- _WORK ITEM_
Pictures do not belong in the output. Reproduce exactly the lines from the start of the records through the line with "From here, you".

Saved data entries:
=== Begin Enclosure ===
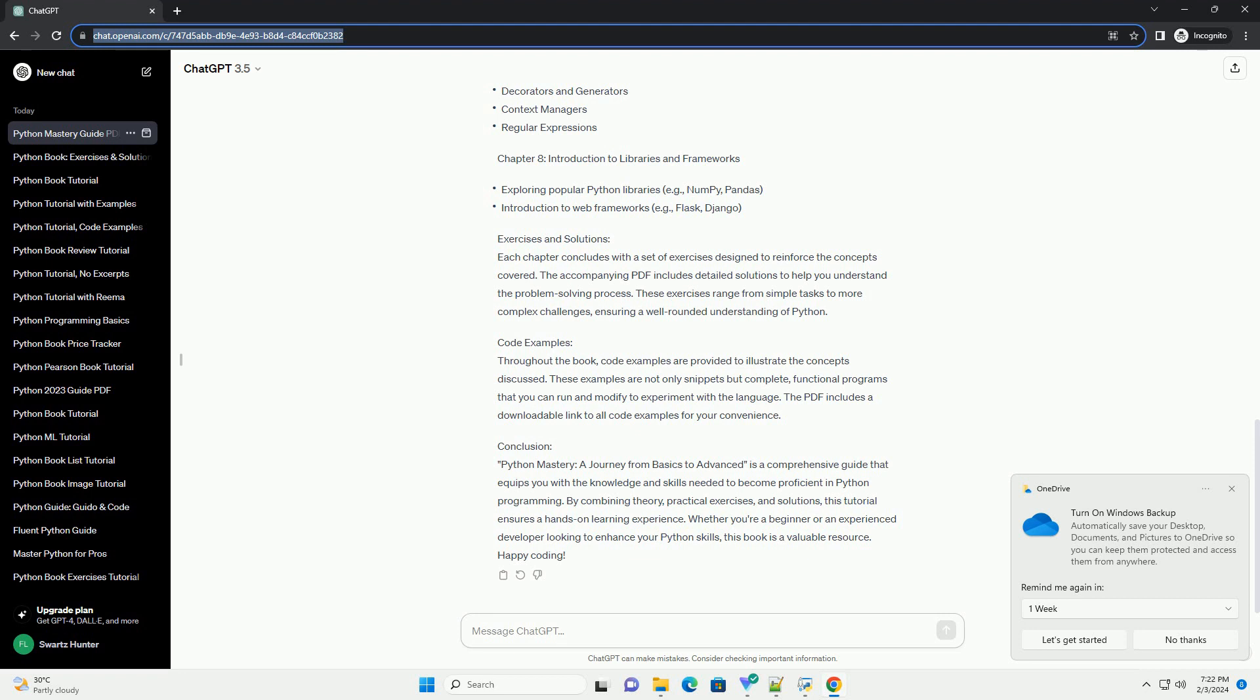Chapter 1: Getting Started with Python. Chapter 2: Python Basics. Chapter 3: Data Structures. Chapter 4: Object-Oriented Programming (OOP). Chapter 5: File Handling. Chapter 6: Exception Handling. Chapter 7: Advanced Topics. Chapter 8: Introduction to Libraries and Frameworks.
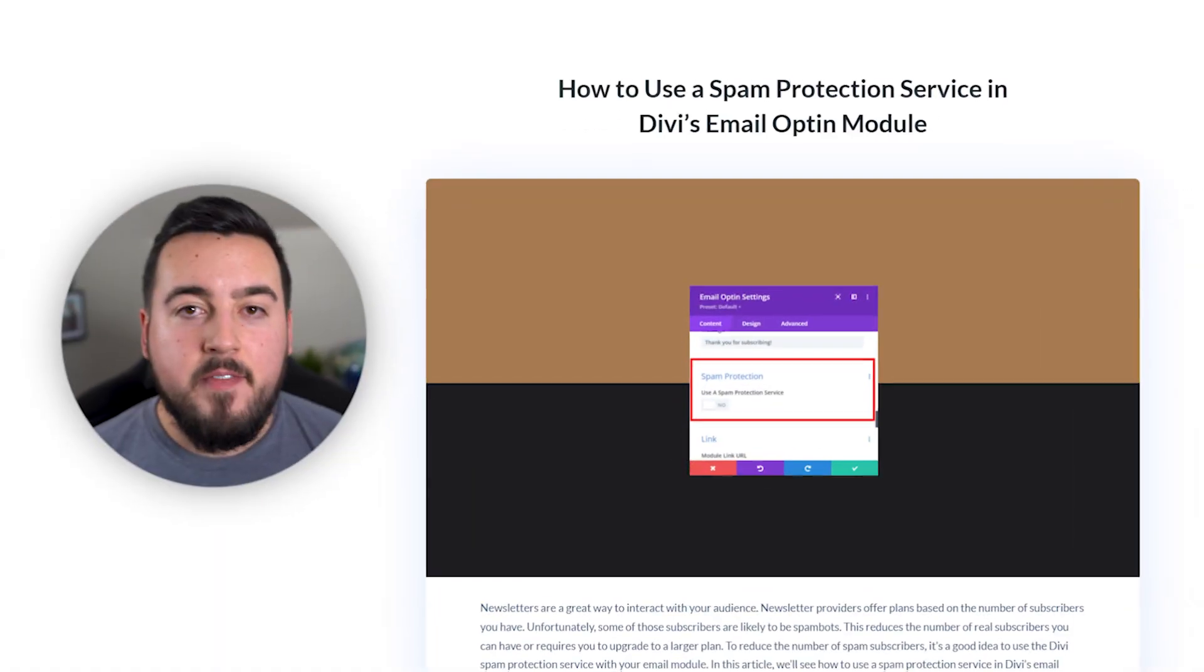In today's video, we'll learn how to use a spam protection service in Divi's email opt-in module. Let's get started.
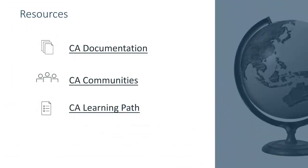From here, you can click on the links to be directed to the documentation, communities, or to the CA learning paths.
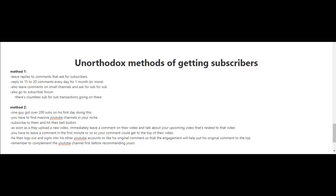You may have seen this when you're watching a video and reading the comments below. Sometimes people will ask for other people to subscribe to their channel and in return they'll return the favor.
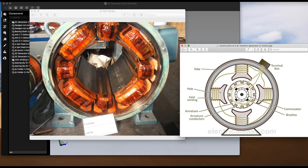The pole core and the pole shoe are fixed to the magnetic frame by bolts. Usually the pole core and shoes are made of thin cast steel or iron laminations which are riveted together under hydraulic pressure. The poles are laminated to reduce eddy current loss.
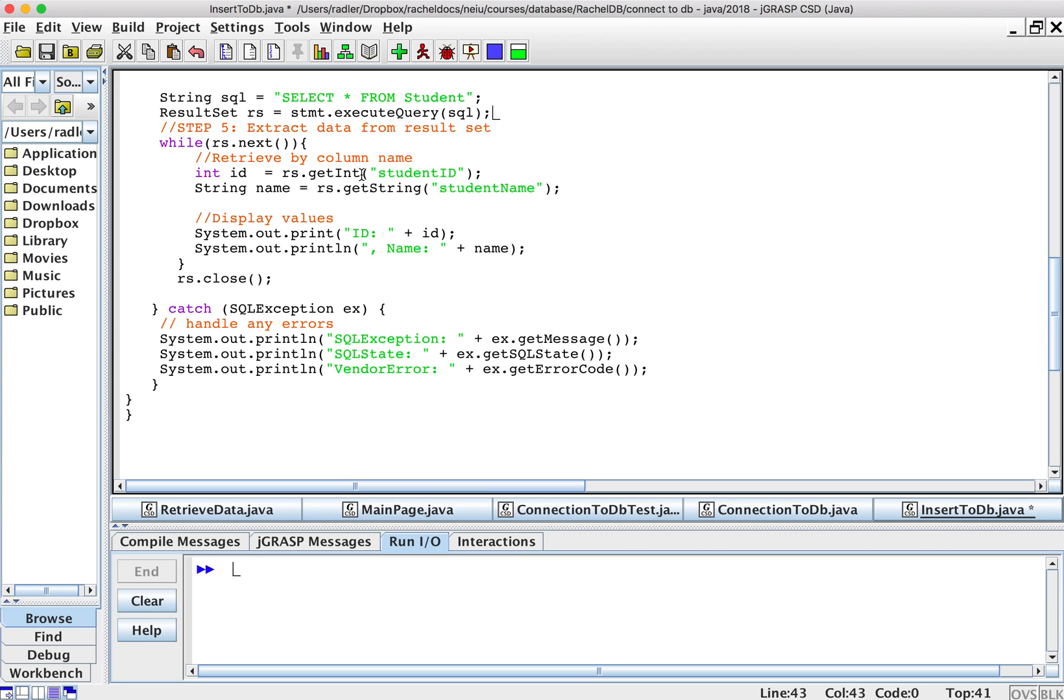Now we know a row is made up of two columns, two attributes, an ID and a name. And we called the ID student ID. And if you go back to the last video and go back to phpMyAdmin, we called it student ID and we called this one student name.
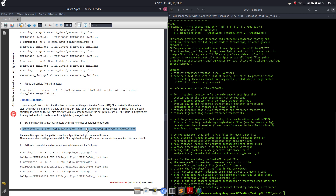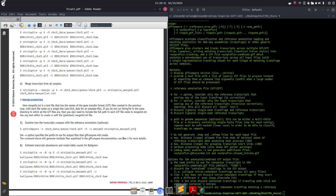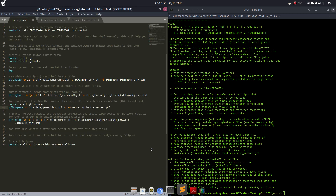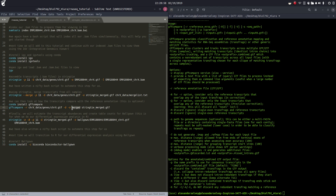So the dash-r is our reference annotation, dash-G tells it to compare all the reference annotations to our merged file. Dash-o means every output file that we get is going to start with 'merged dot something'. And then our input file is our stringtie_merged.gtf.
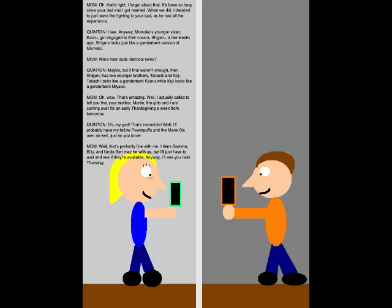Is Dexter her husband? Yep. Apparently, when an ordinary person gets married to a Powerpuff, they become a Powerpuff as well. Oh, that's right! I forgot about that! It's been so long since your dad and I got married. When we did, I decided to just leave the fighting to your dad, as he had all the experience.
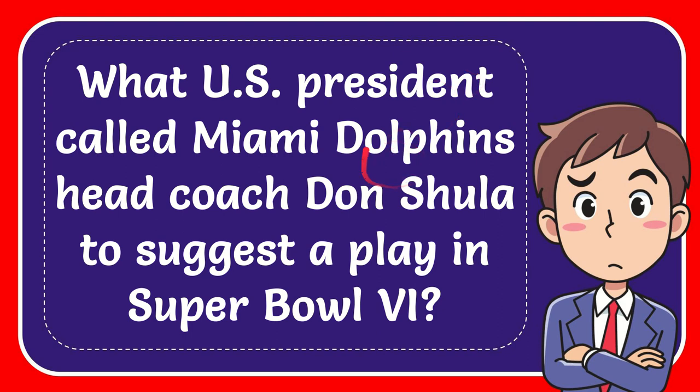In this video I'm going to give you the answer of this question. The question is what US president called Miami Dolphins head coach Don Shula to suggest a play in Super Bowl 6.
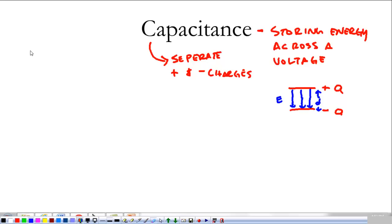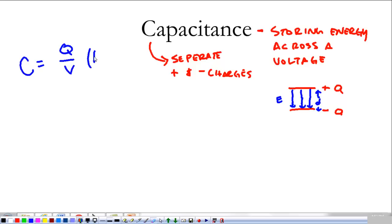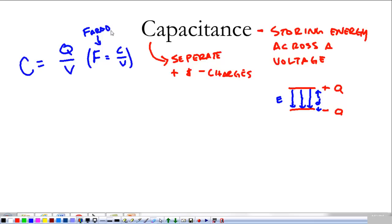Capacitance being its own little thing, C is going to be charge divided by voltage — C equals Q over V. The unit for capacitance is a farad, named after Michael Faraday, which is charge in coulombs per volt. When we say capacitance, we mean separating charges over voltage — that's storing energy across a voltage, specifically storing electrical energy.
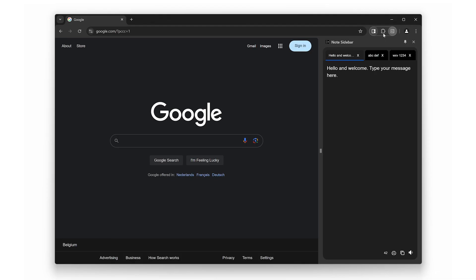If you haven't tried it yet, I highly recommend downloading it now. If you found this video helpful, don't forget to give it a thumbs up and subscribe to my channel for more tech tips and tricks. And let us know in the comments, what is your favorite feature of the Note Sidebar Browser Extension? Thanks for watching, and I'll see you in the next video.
=== End Enclosure ===
- _ANSWER SPACE_
Chapter 1: Getting Started with Python. Chapter 2: Python Basics. Chapter 3: Data Structures. Chapter 4: Object-Oriented Programming (OOP). Chapter 5: File Handling. Chapter 6: Exception Handling. Chapter 7: Advanced Topics. Chapter 8: Introduction to Libraries and Frameworks.
In today's video, we'll learn how to use a spam protection service in Divi's email opt-in module. Let's get started.
From here, you can click on the links to be directed to the documentation, communities, or to the CA learning paths.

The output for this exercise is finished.